== WHAT YOU NEED TO DO ==
Return the entries verbatim and drop every picture.

== RECORD EXTRACTS ==

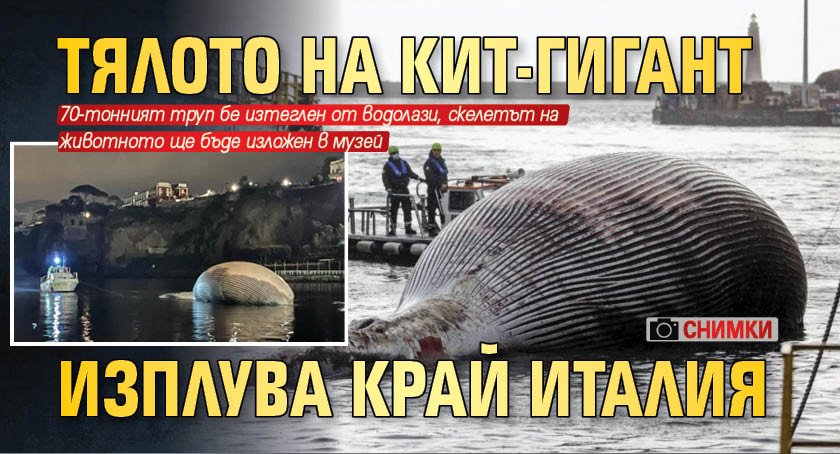 Тялото на кит-гигант изплува край Италия (снимки)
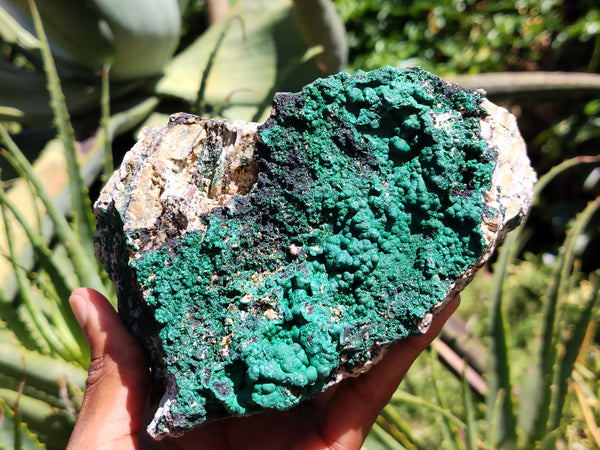 Natural Botryoidal Malachite Specimens x 2 From Tenke Fungurume, Congo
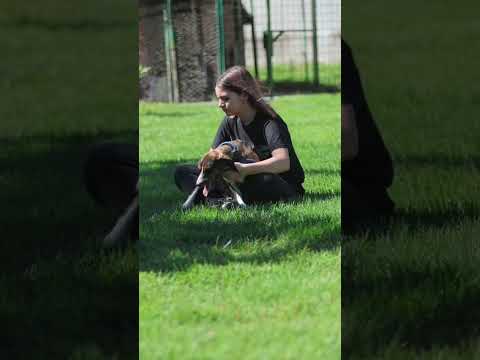 Video di PRALINA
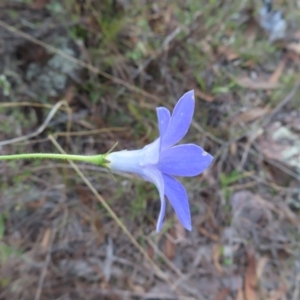 Wahlenbergia stricta subsp. stricta at Paddys River, ACT - 6 May 2023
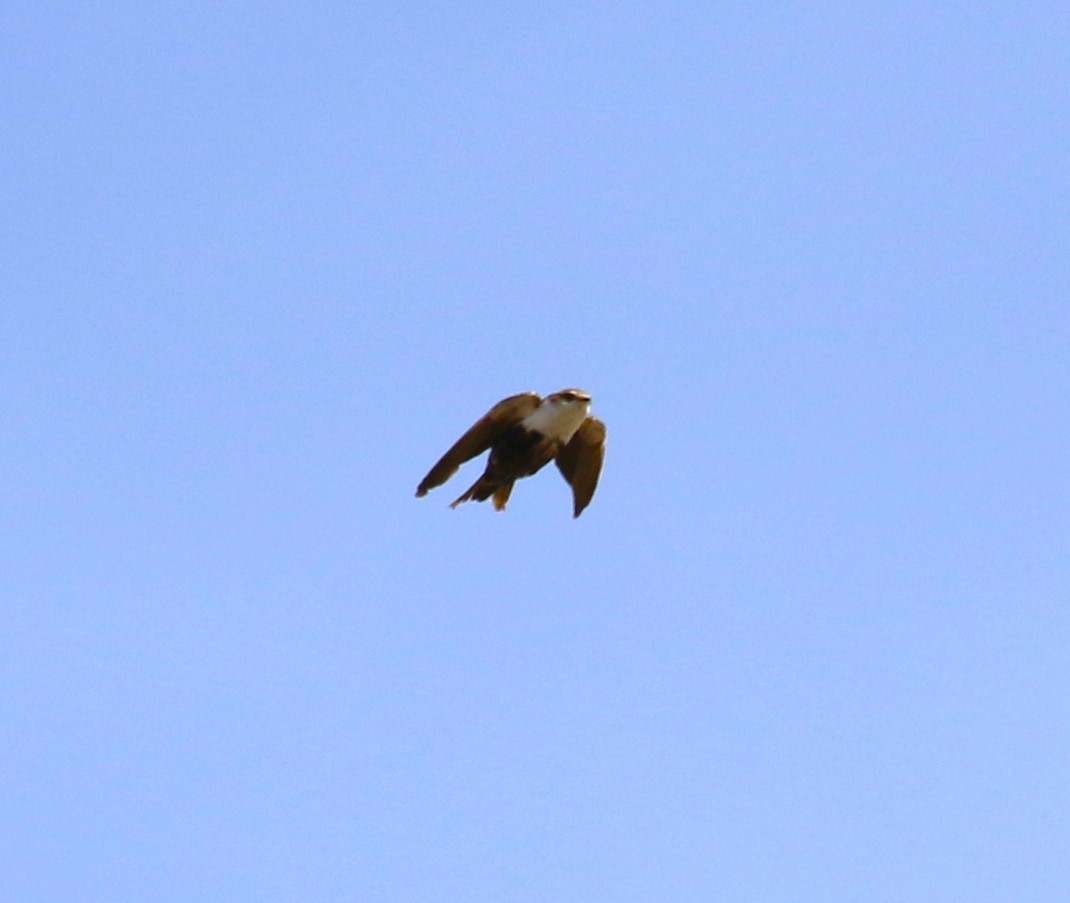 White-backed Swallow - ML619144357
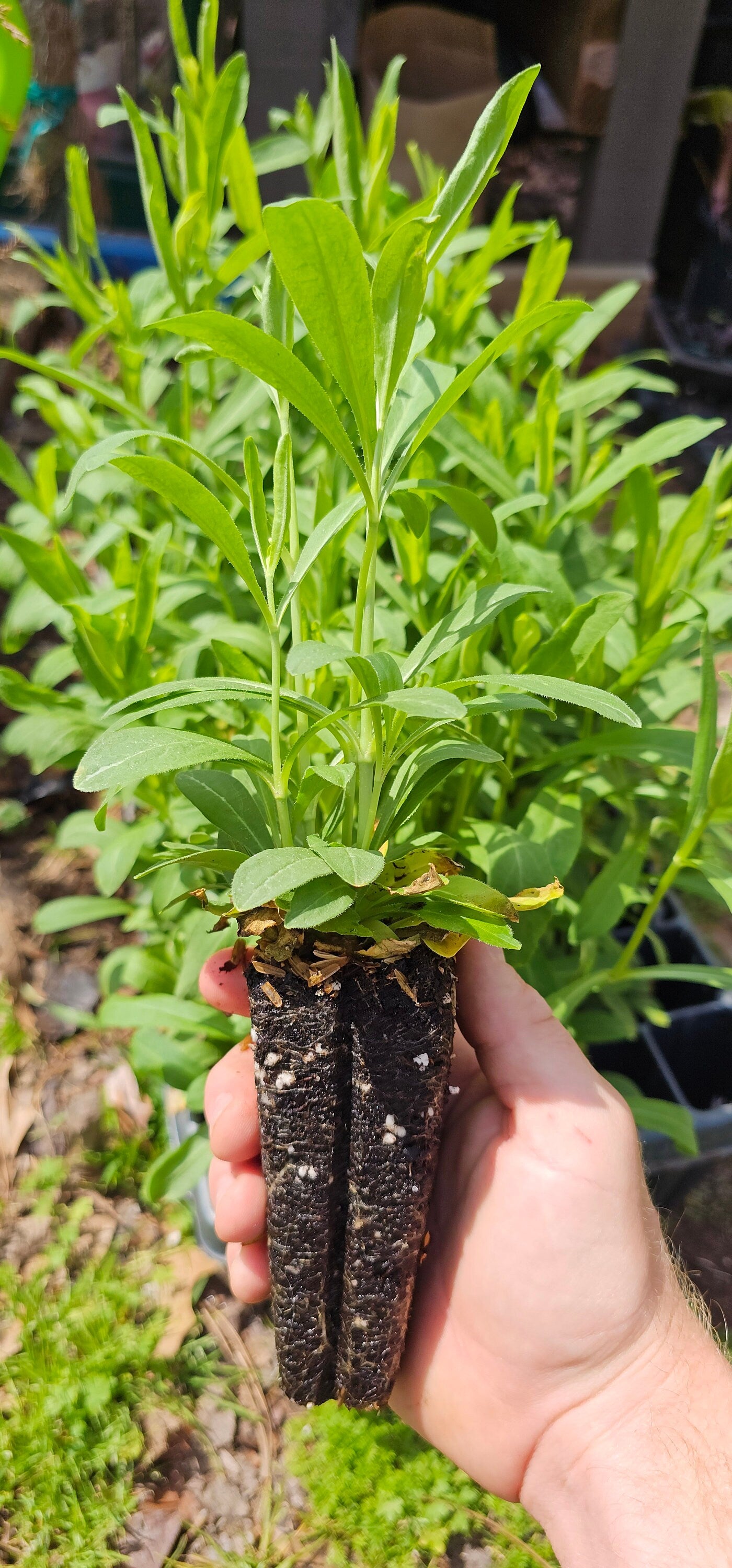Royal Catchfly Native Seeds (Silene regia)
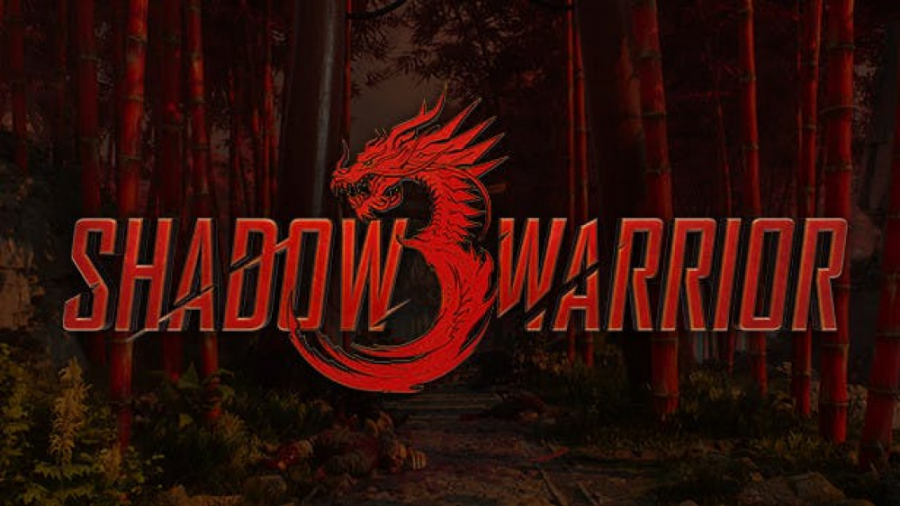 Warrior name. Shadow Warrior 3. ЛО Ванг Shadow Warrior. Shadow Warrior franchise. Shadow Warrior 3 логотип.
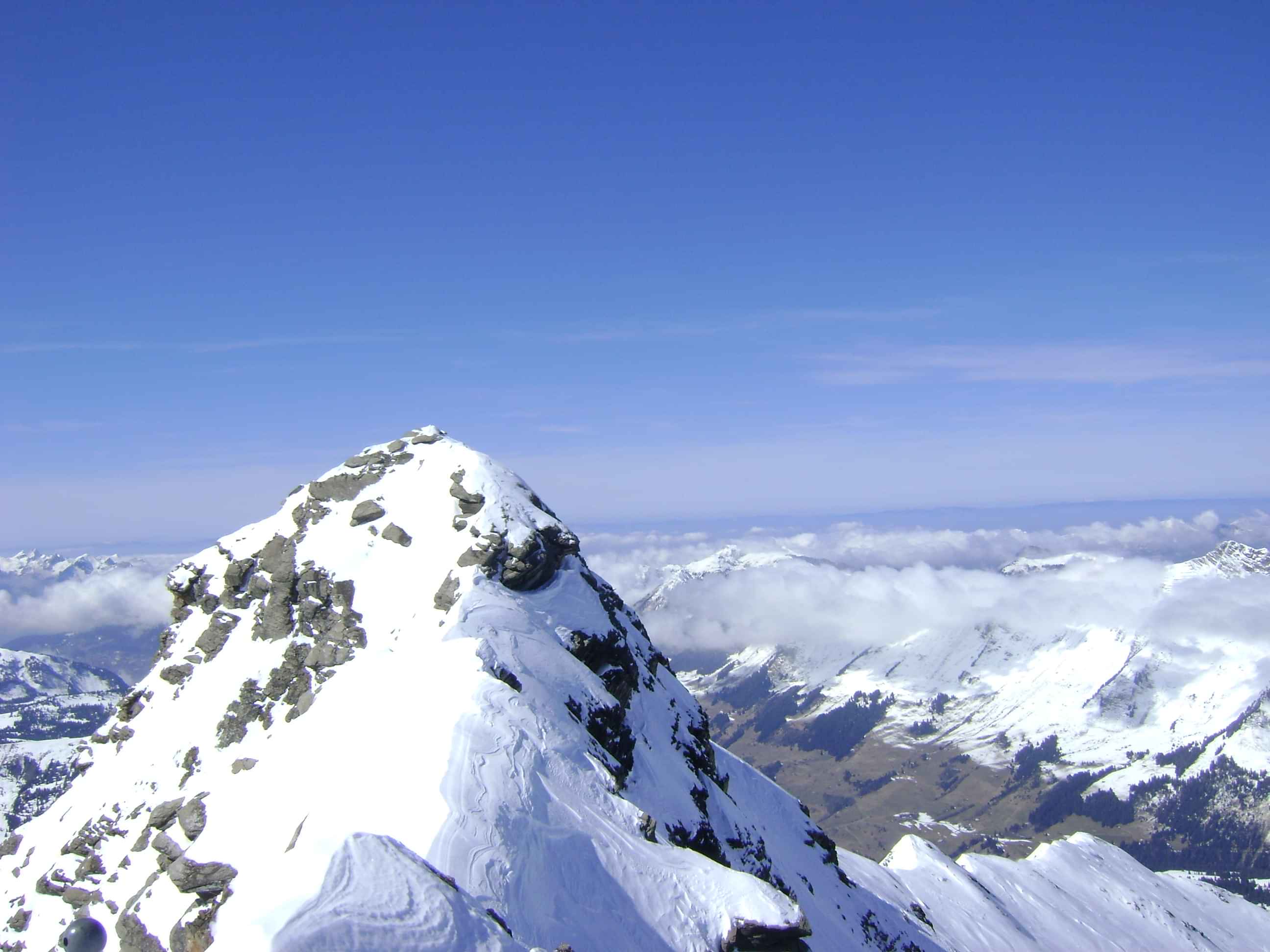 Glacier 3000 - Best combined with Swiss Pass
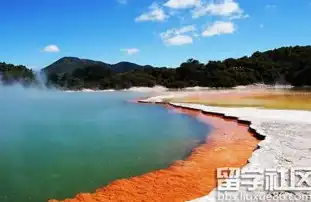 黄石旅游攻略，探索黄石美景，体验地热奇观，关键词 推广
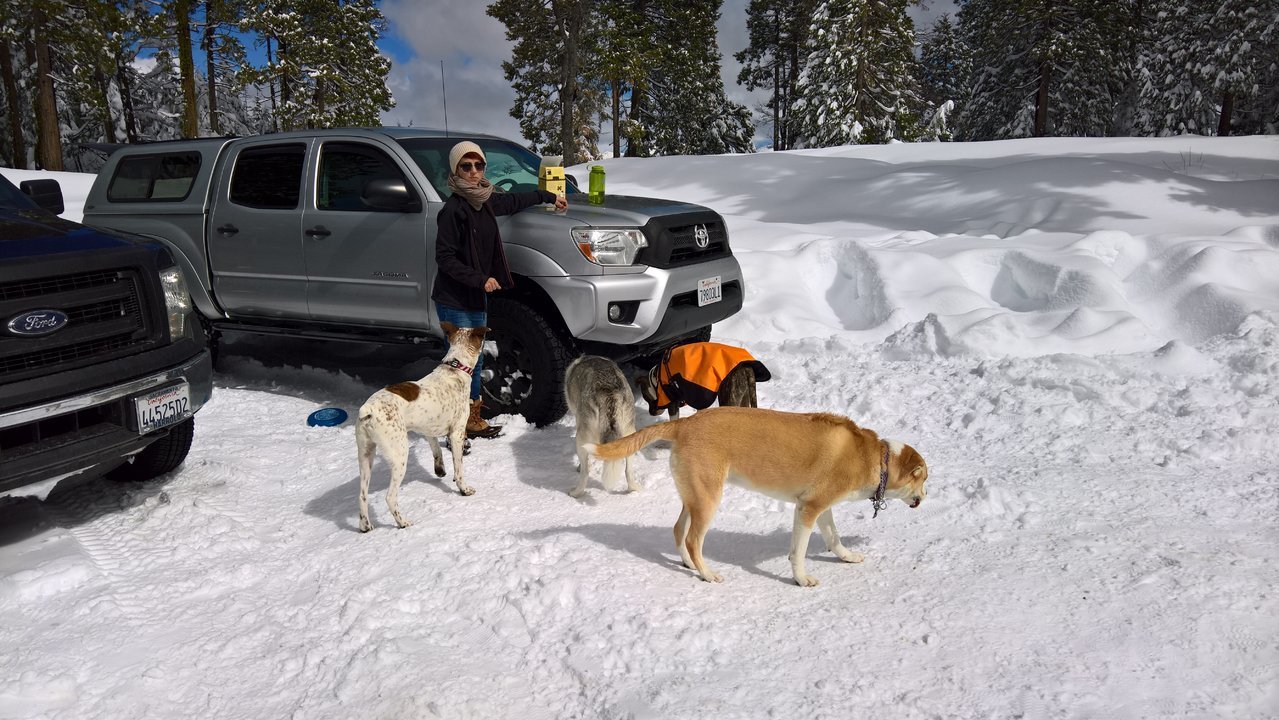 WP_20180304_11_27_27_Pro.jpg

== SOLVED PROBLEM ==
 Тялото на кит-гигант изплува край Италия (снимки)
 Natural Botryoidal Malachite Specimens x 2 From Tenke Fungurume, Congo
 Video di PRALINA
 Wahlenbergia stricta subsp. stricta at Paddys River, ACT - 6 May 2023
 White-backed Swallow - ML619144357
Royal Catchfly Native Seeds (Silene regia)
 Warrior name. Shadow Warrior 3. ЛО Ванг Shadow Warrior. Shadow Warrior franchise. Shadow Warrior 3 логотип.
 Glacier 3000 - Best combined with Swiss Pass
 黄石旅游攻略，探索黄石美景，体验地热奇观，关键词 推广
 WP_20180304_11_27_27_Pro.jpg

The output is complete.